News Hits checked out the several hundred protesters who braved bone-chilling cold last Saturday to march against the war in Iraq. The protest, organized by Rep. John Conyers’ office, began at Tiger Stadium and ended with a rally in Hart Plaza.
The goal of the protest, said Alexia Smokler, Conyers’ field representative, was “to grow the peace movement beyond its [traditional] base and to connect foreign policy with what’s going on here at home.”
In his remarks, Conyers, D-Detroit, lambasted the Bush administration and pointed out the irony that the government is spending billions of dollars to overthrow the regime in Iraq while Americans struggle with a lousy economy back home.
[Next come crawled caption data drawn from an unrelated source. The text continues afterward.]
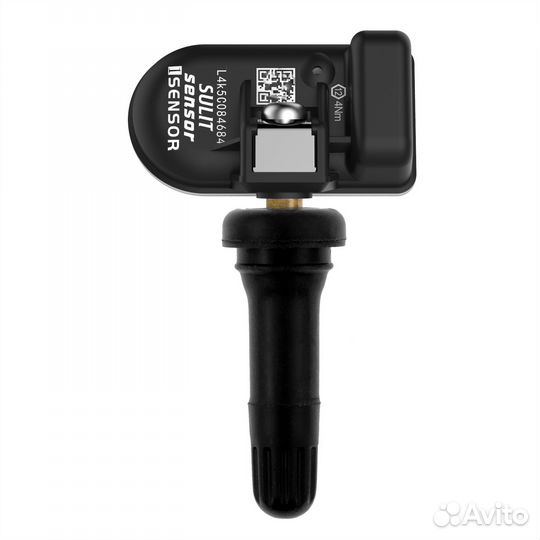 Датчик давления в шине Sulit zzda-37-140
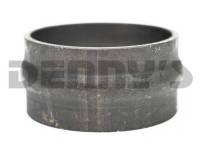 GENERAL MOTORS REAR ENDS - AAM 11.5 inch 14 Bolt REAR - GM - CRUSH COLLAR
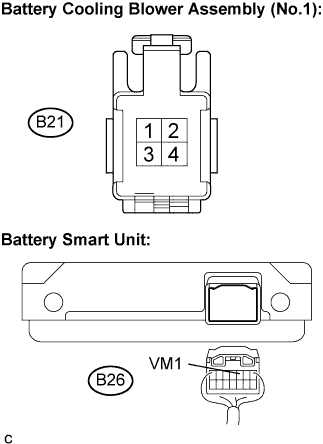 A109602E05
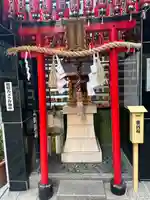 弘昌寺(大阪府)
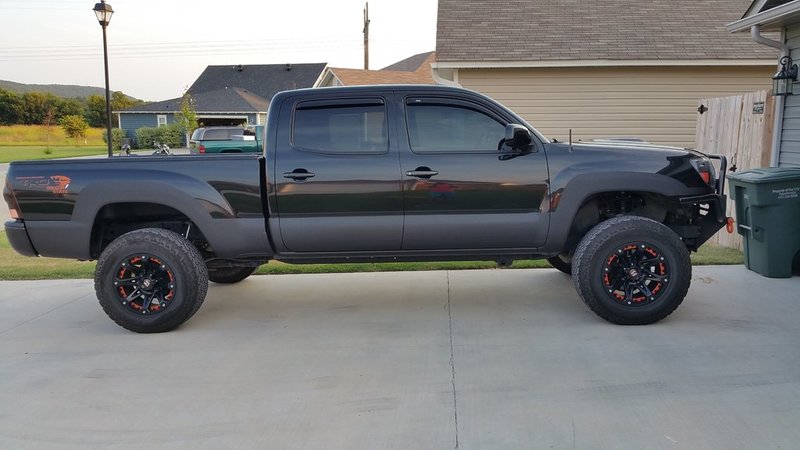 20150827_191725.jpg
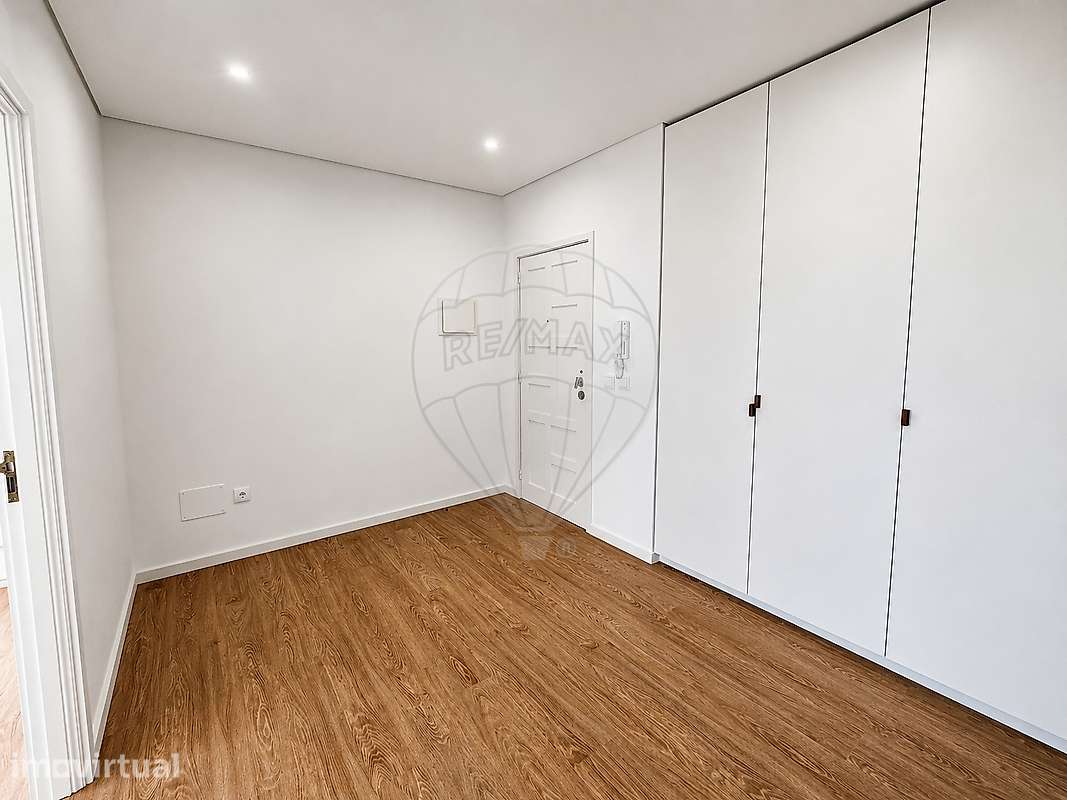 Apartamento T3 para arrendamento - Grande imagem: 2/21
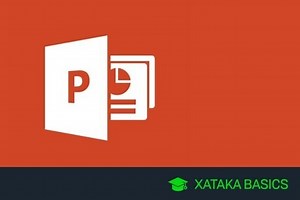 143 plantillas de Microsoft PowerPoint para organizarlo TODO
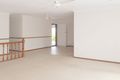 Property photo of 5 Julian Rocks Drive Byron Bay NSW 2481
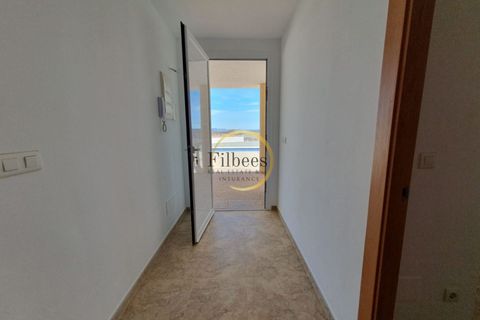 Casa de campo en Lorca, Murcia, Lorca - € 289.000 | Ref: 929 - photo 22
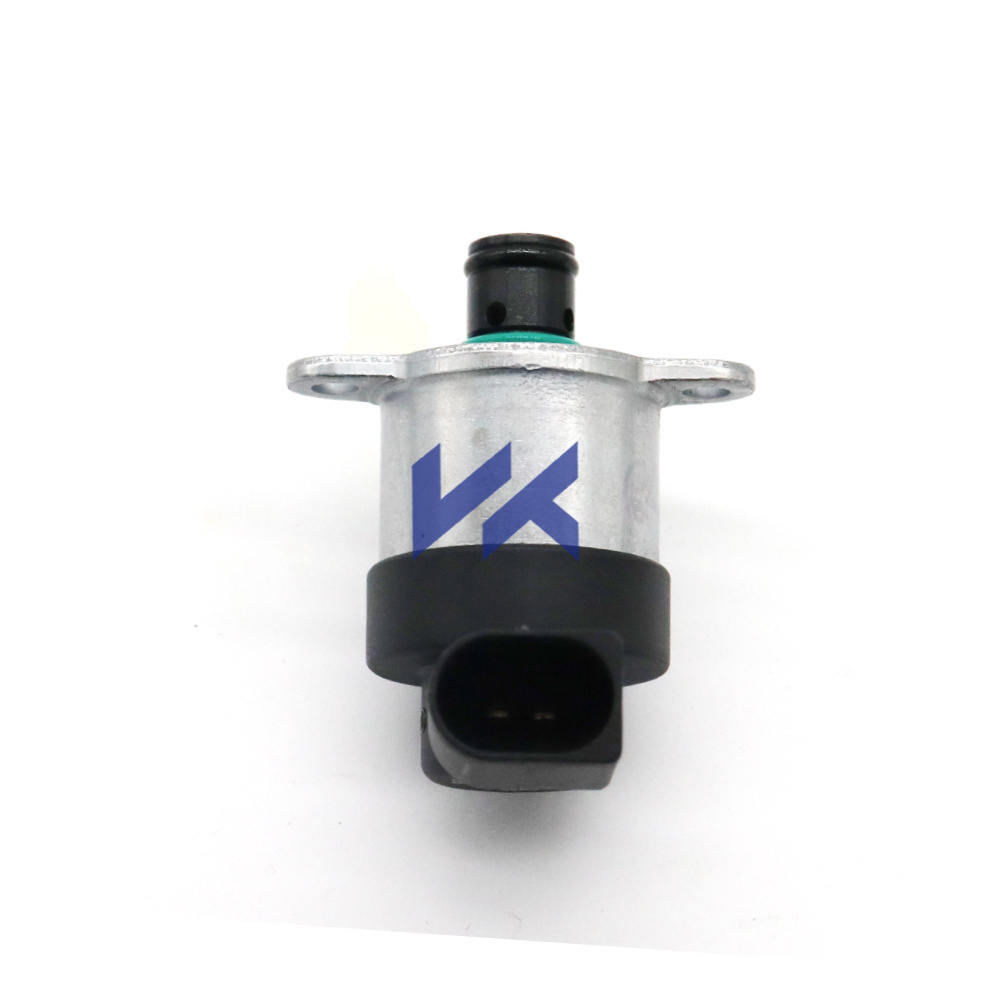 Fuel Metering Solenoid valve  0928 400 498  Metering Valve Unit 0928400498 for pump  0445010045  0445010073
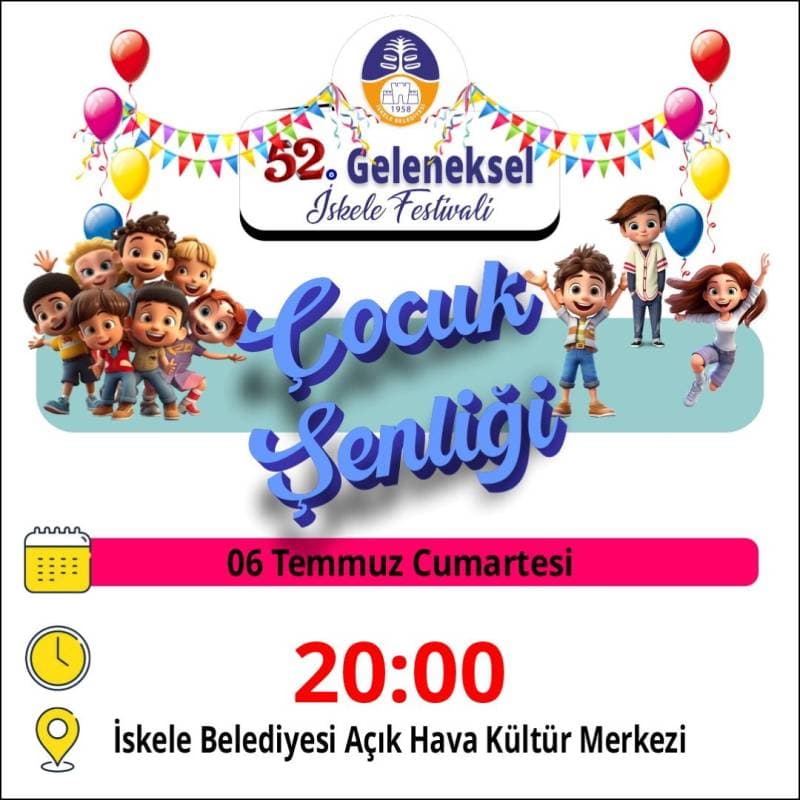 Galeri fotoğrafı 1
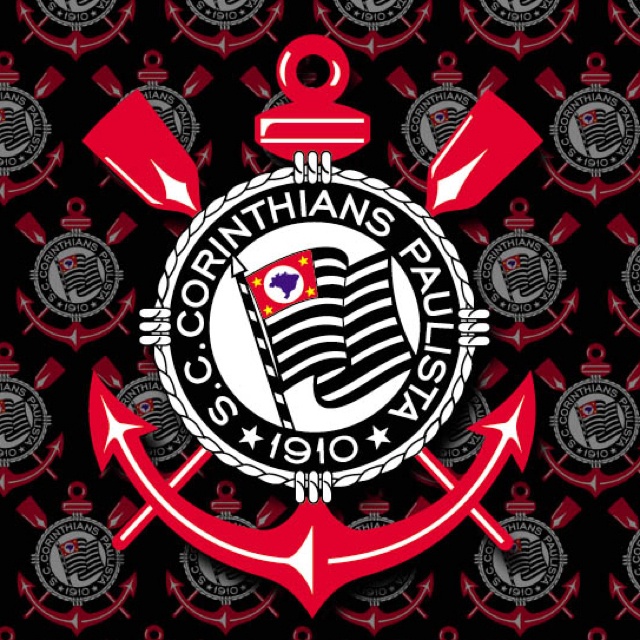 Preview Corinthians formaliza proposta por Biel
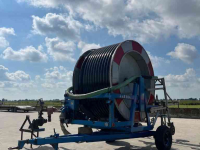 Beregnungsmaschine Idrofoglia Jartec 90G325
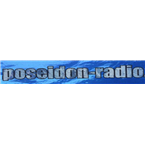 Poseidon Radio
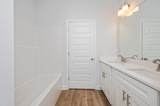 742 Chestnut Avenue - Photo 24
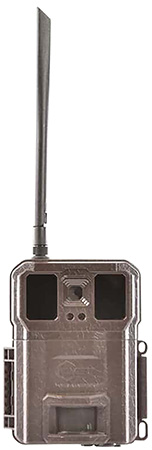 [810097820142] Rocky Mountain CC0142 WC32-A  Tan 2.40" Display Screen Display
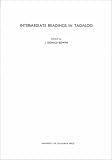 Intermediate Readings in Tagalog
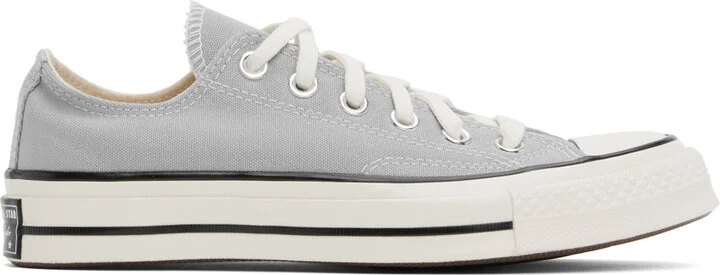 GREY AREA/EGRET/BLAC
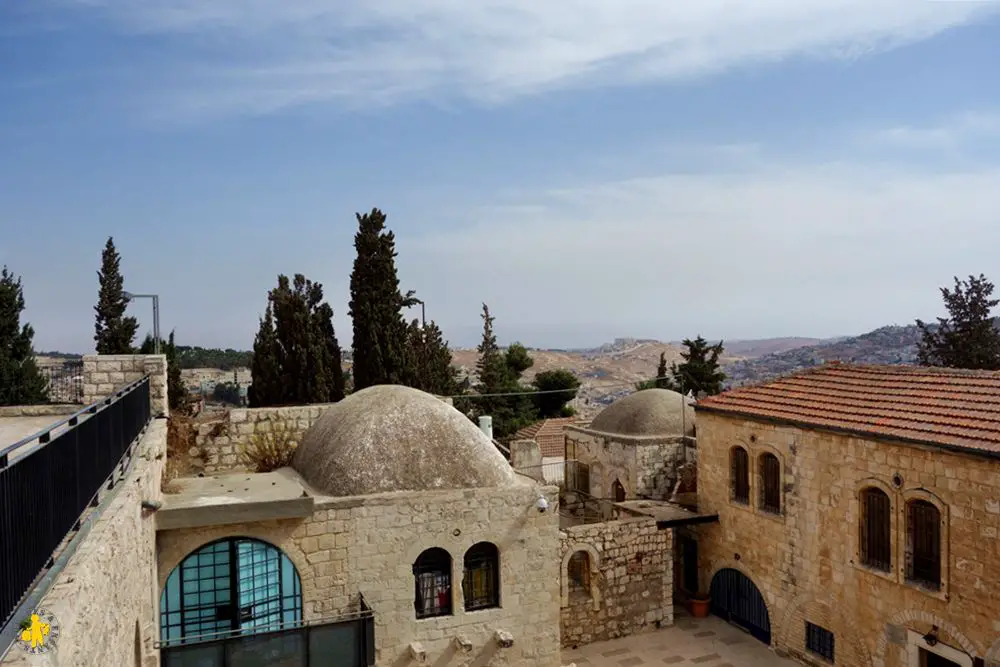 Jerusalem Israel 102015 137 1 semaine Israël en famille Jérusalem Mer Morte 1 2 | Blog VOYAGES ET ENFANTS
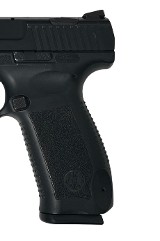 CANIK TP9SA 9MM LUGER (9x19 PARA) - 3 of 3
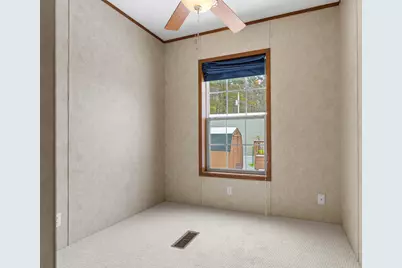 20 Elwell Lane, Brunswick, ME 04011 - Photo 29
“On November 2, 2004, there will be the biggest regime change you have ever seen,” Conyers said to the cheers of protesters. He added, chuckling, that he’d promised his staffers that he wouldn’t mention the “I” word — impeachment.
Turnout fell far short of the organizers’ goal of 5,000; about 300 people participated in the march and were joined by another 300 or so at Hart Plaza, where they heard speeches from Conyers, Mahaffey, religious lecturer Marianne Williamson and Imam Mohamed Ali Elahi of the Islamic House of Wisdom. There was also live jazz and hip hop.
The tone of the rally was more festive than angry. A marcher wearing a rubber George W. mask held a motor oil bottle to his lips and staggered around as though drunk while a squad of pompon-wielding cheerleaders exhorted the crowd to forget war and dance. Marchers beat a cadence on empty buckets and hand drums and chanted “We are the peaceniks, the mighty, mighty peaceniks.”
We were curious as to why people would turn out for an event like this now, given that a political comeback by Richard Nixon will occur before Bush admits that this whole invasion thing was really a bad idea and orders the troops home.
The protesters News Hits spoke to admitted that the march wouldn’t be successful in stopping the war, but said that it was important nevertheless to voice dissent. “I want people to continue to voice their opinions, whether it’s pro or con,” said Ian Ferguson of Southfield. “Winston Churchill said that it’s treasonous to hold our tongues in a democracy.”
Nikka Pierce of Lansing agreed: “I think marches like this bring visibility to dissent. When the administration is confronted like this on a consistent basis … it does make a difference.”
Elsewhere on the anti-war front, a teach-in will be held at the University of Detroit Mercy, Saturday, April 12. Workshops will features such topics as, “Iraq and the Middle East for Beginners, “ “War on Terrorism or War on the Constitution?” “Voices and Faces of Iraq,” and more. The event will also include keynote speaker Dr. Rania Marsi, director of the Southern Peace Research and Education Center in Durham, N.C. Marci is an expert on Iraq and human rights.
Registration for the free event, being held at the university’s McNichols Campus (4001 W. McNichols at Livernois) opens at 8:30 a.m.